**DATA EXCERPT:**
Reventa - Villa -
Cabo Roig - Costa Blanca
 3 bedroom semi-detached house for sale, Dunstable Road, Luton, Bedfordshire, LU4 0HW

**ASSIGNMENT:**
Copy out all of the data. Keep every word unchanged.

**TASK ANSWER:**
Reventa - Villa -
Cabo Roig - Costa Blanca
 3 bedroom semi-detached house for sale, Dunstable Road, Luton, Bedfordshire, LU4 0HW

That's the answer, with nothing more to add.